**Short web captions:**
□ □ □ □ □ □ □

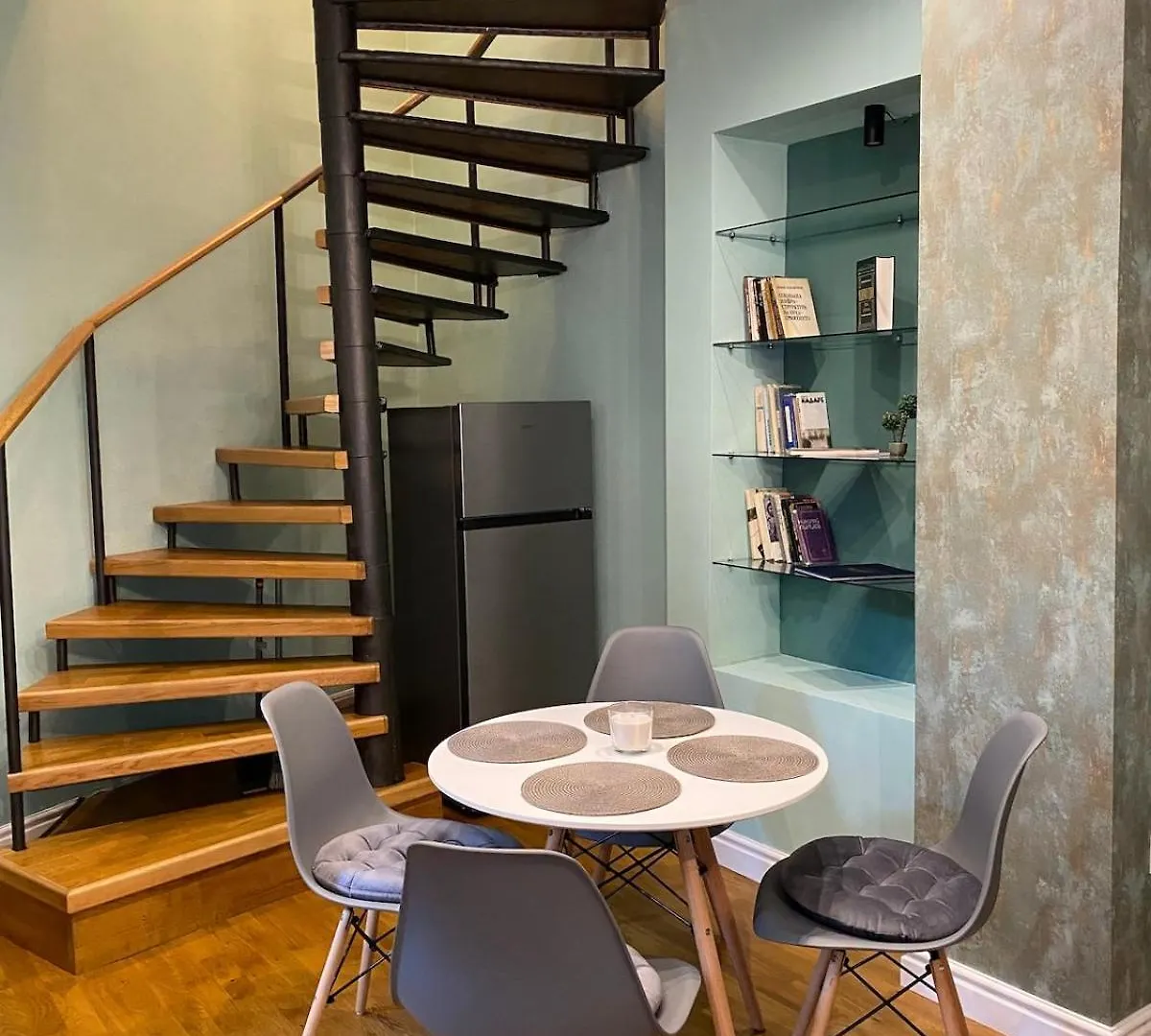 Cozy Townhouse In The Heart Of Sofia Apartment 0*,  Bulgaria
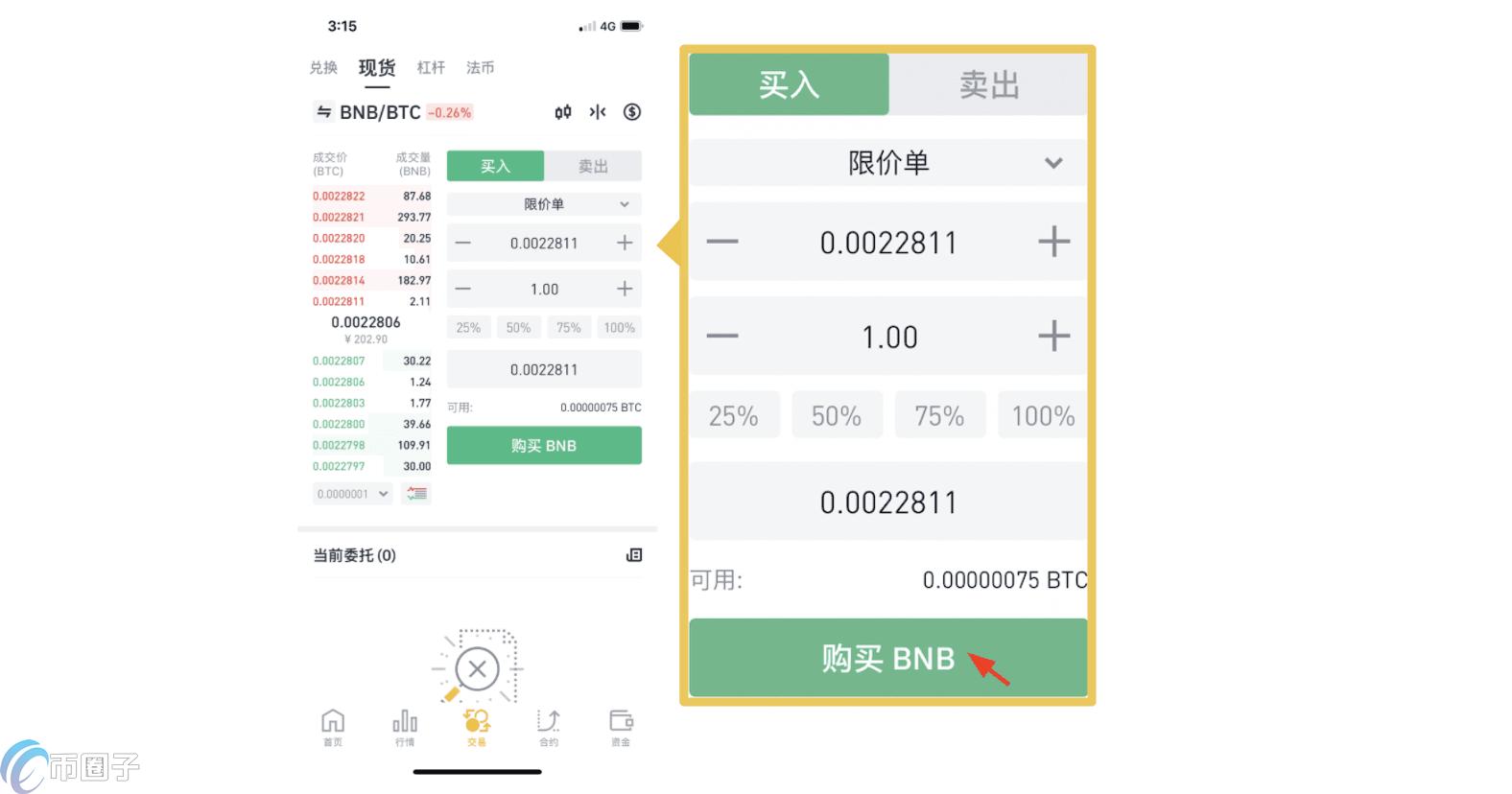 币安(binance)交易平台APP使用教程详解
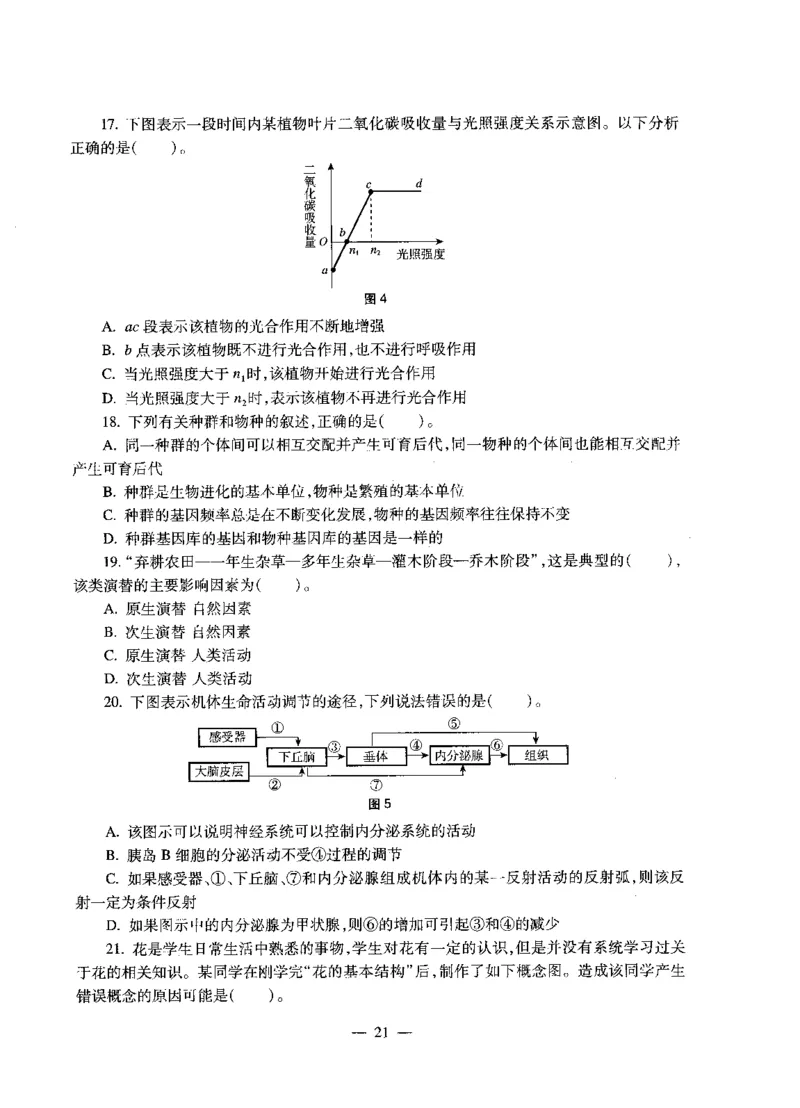 初中生物标准预测试卷题目1-5_4-教培资料-26年最新资料-同步更新_科一科二电子资料合集中小幼（笔记真题知识点汇总等）文件多，按需保存_各机构笔记合集（中小幼）推荐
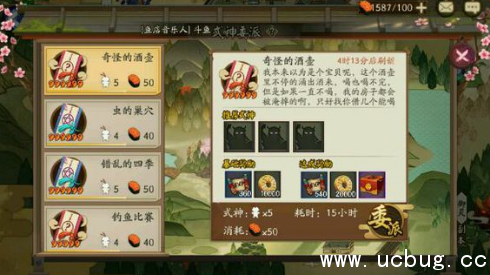 《阴阳师》虫的巢穴推荐式神是什么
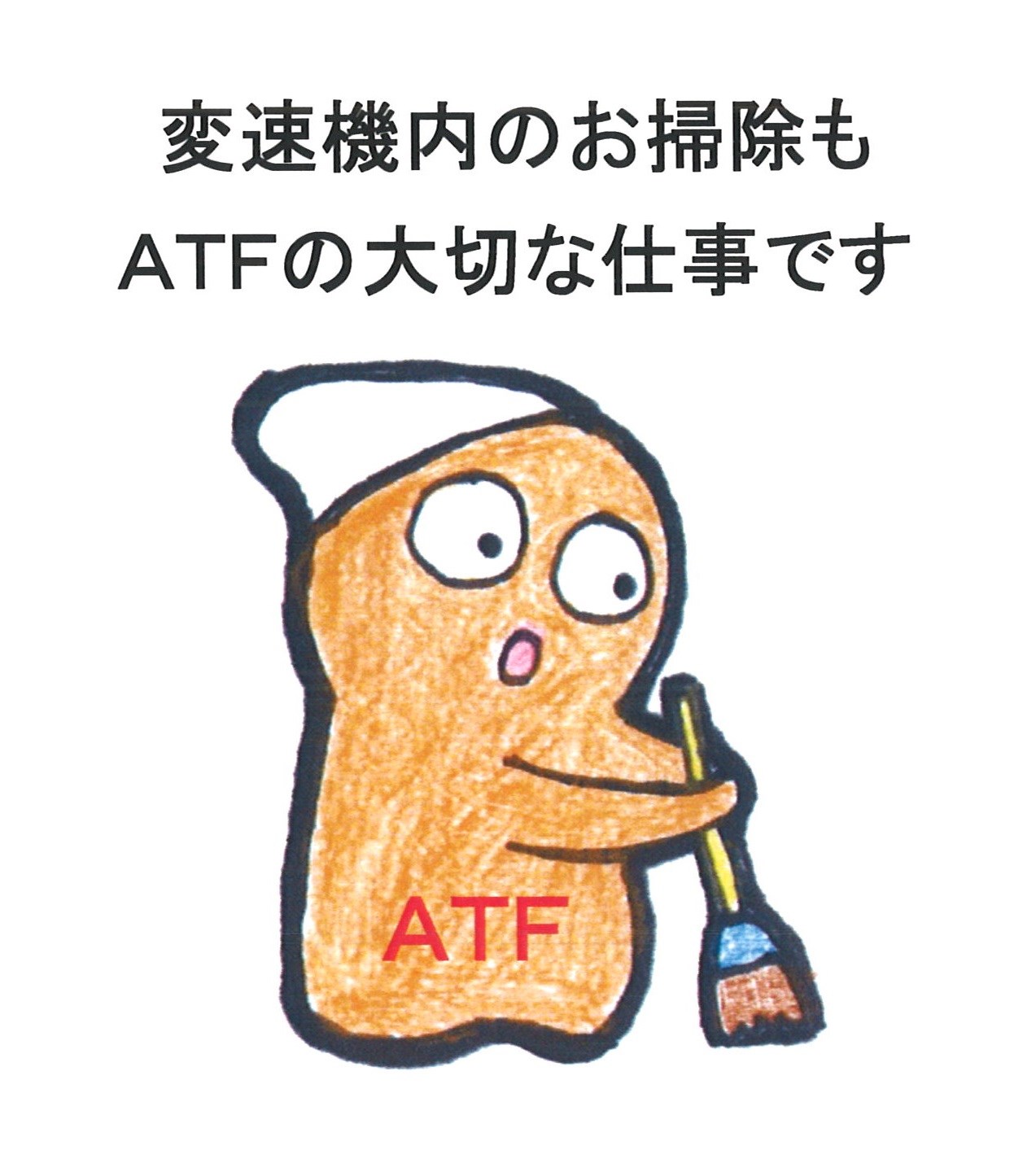 教養講座2 ａｔｆって何 サービス事例 タイヤ館 安城 愛知県 三重県のタイヤ カー用品ショップ タイヤからはじまる トータルカーメンテナンス タイヤ館グループ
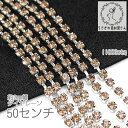 ダイヤレーン 2mm幅 カップチェーン ラインストーン シルバー色 台座 50センチ/ライトコロラドトパーズ色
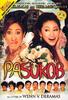 Pasukob(2007)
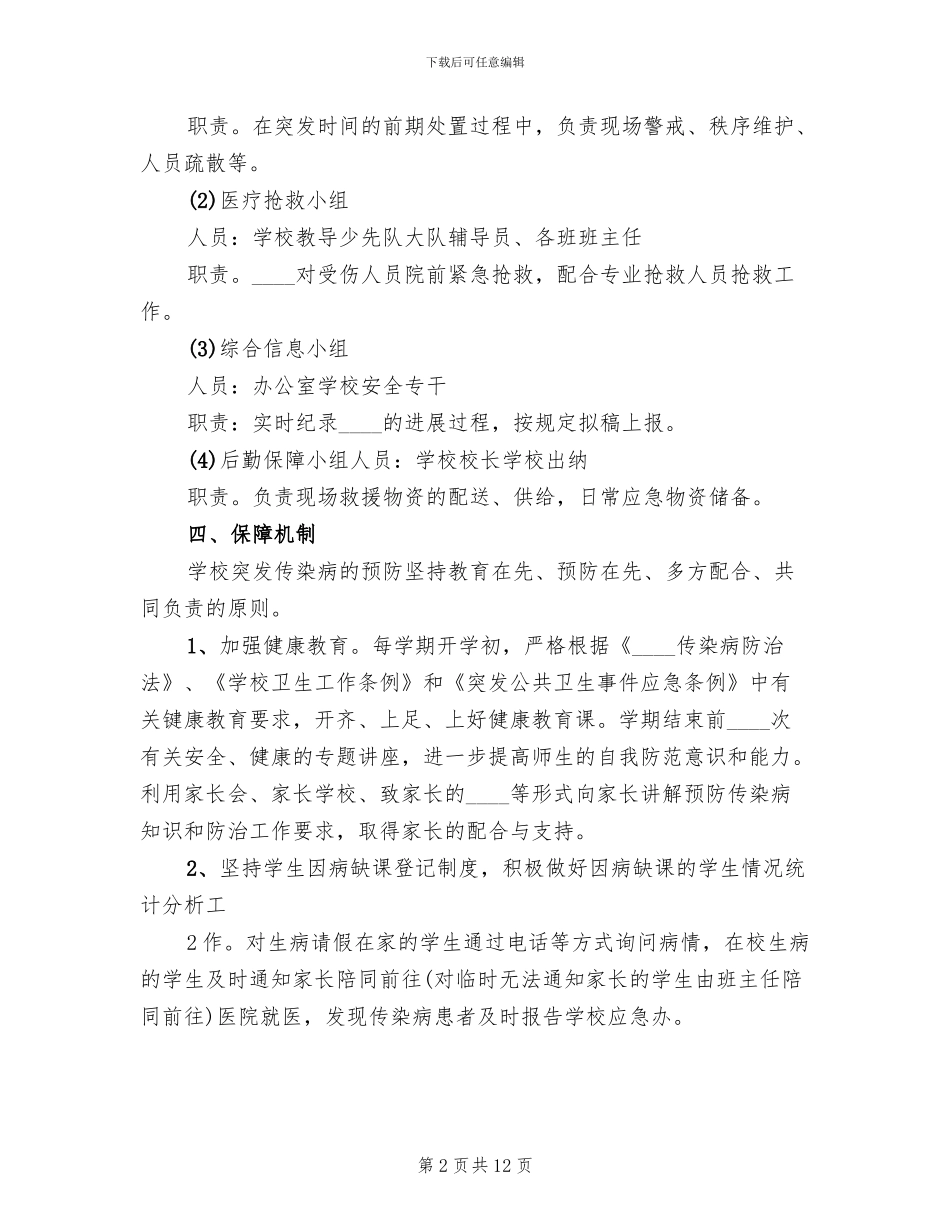 公共卫生突发事件应急预案范本(3篇)_第2页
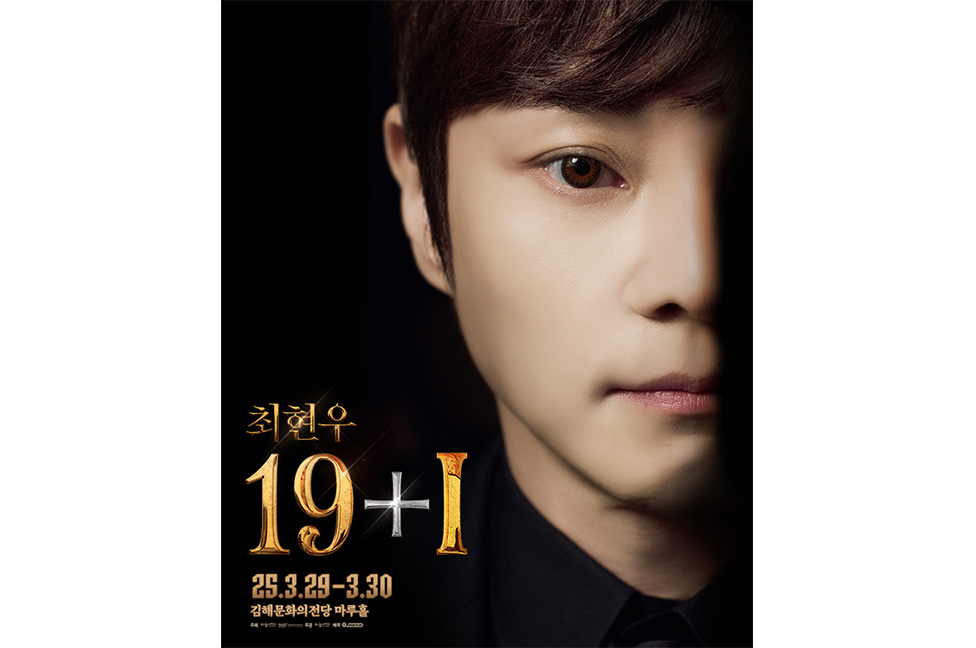 최현우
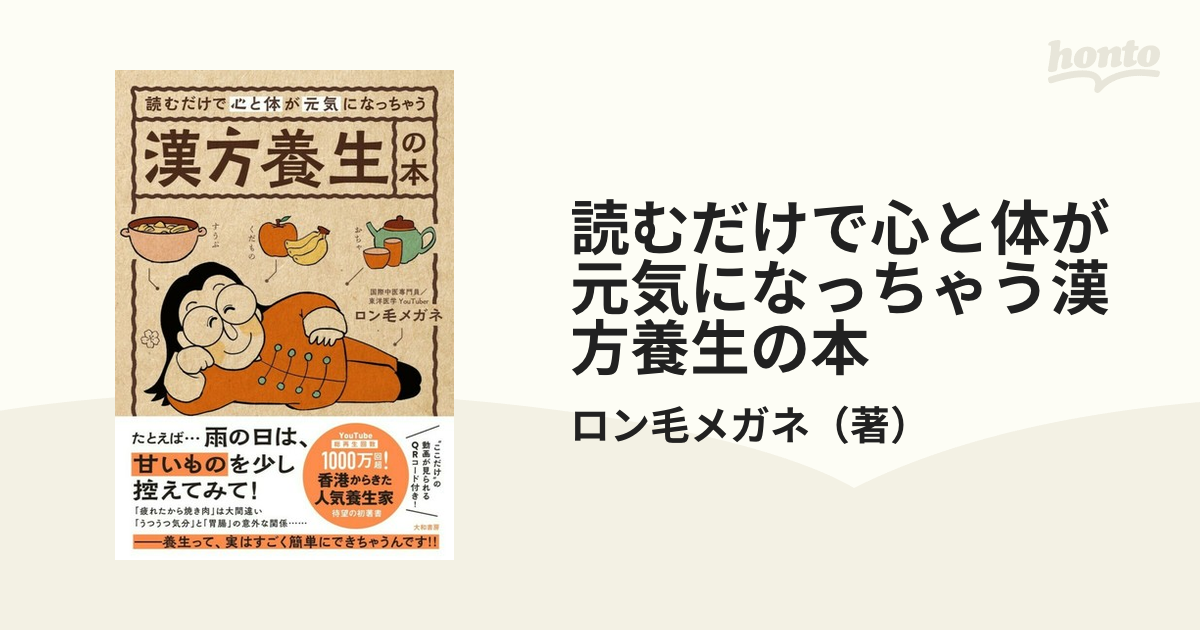 読むだけで心と体が元気になっちゃう漢方養生の本の通販/ロン毛メガネ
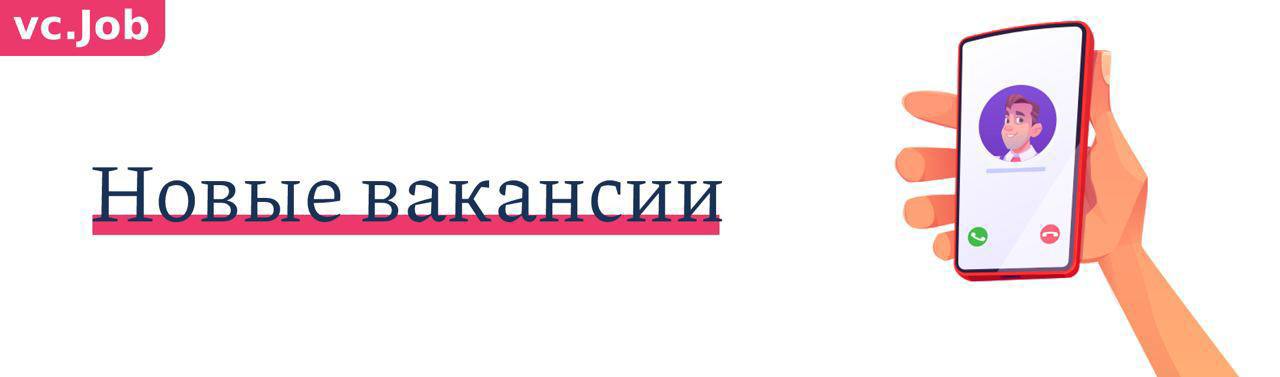 До зарплаты вакансии удаленно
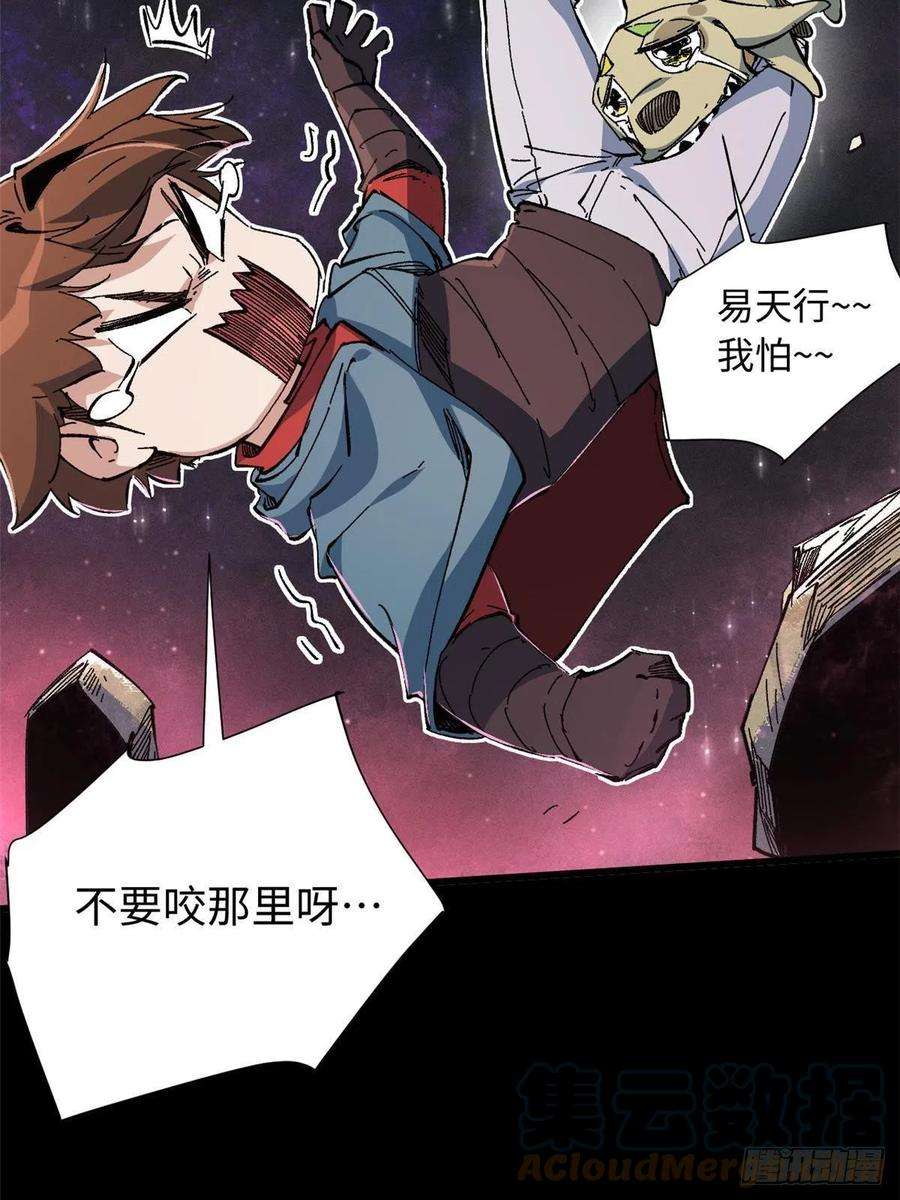 永恒国度058 登徒子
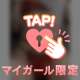 トロッ…マジック🔞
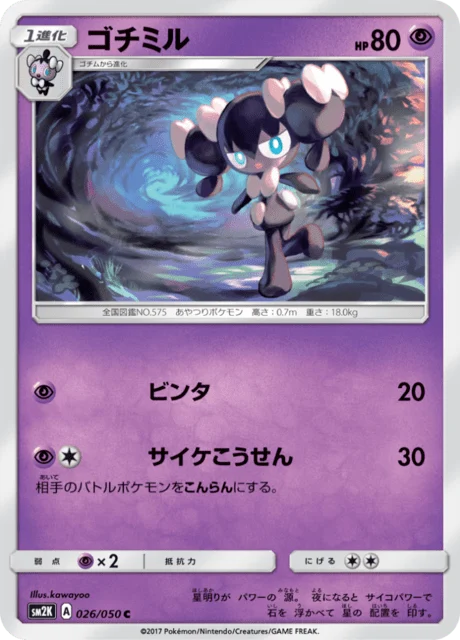 Carte Pokémon Mesmérella 026, extension Islands Await You (japonais)
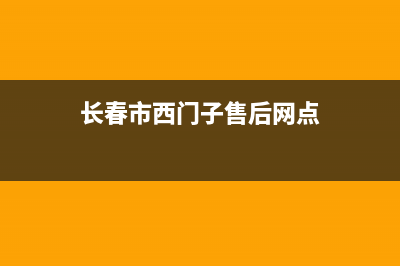 长春市区西门子燃气灶服务电话24小时(长春市西门子售后网点)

□ □ □ □ □ □ □

**TASK DETAILS:** Please give the data again unaltered, leaving out any images.

**FINISHED TASK:**
 Cozy Townhouse In The Heart Of Sofia Apartment 0*,  Bulgaria
 币安(binance)交易平台APP使用教程详解
 初中生物标准预测试卷题目1-5_4-教培资料-26年最新资料-同步更新_科一科二电子资料合集中小幼（笔记真题知识点汇总等）文件多，按需保存_各机构笔记合集（中小幼）推荐
 《阴阳师》虫的巢穴推荐式神是什么
 教養講座2 ａｔｆって何 サービス事例 タイヤ館 安城 愛知県 三重県のタイヤ カー用品ショップ タイヤからはじまる トータルカーメンテナンス タイヤ館グループ
 ダイヤレーン 2mm幅 カップチェーン ラインストーン シルバー色 台座 50センチ/ライトコロラドトパーズ色
 Pasukob(2007)
 公共卫生突发事件应急预案范本(3篇)_第2页
 최현우
 読むだけで心と体が元気になっちゃう漢方養生の本の通販/ロン毛メガネ
 До зарплаты вакансии удаленно
 永恒国度058 登徒子
 トロッ…マジック🔞
 Carte Pokémon Mesmérella 026, extension Islands Await You (japonais)
 长春市区西门子燃气灶服务电话24小时(长春市西门子售后网点)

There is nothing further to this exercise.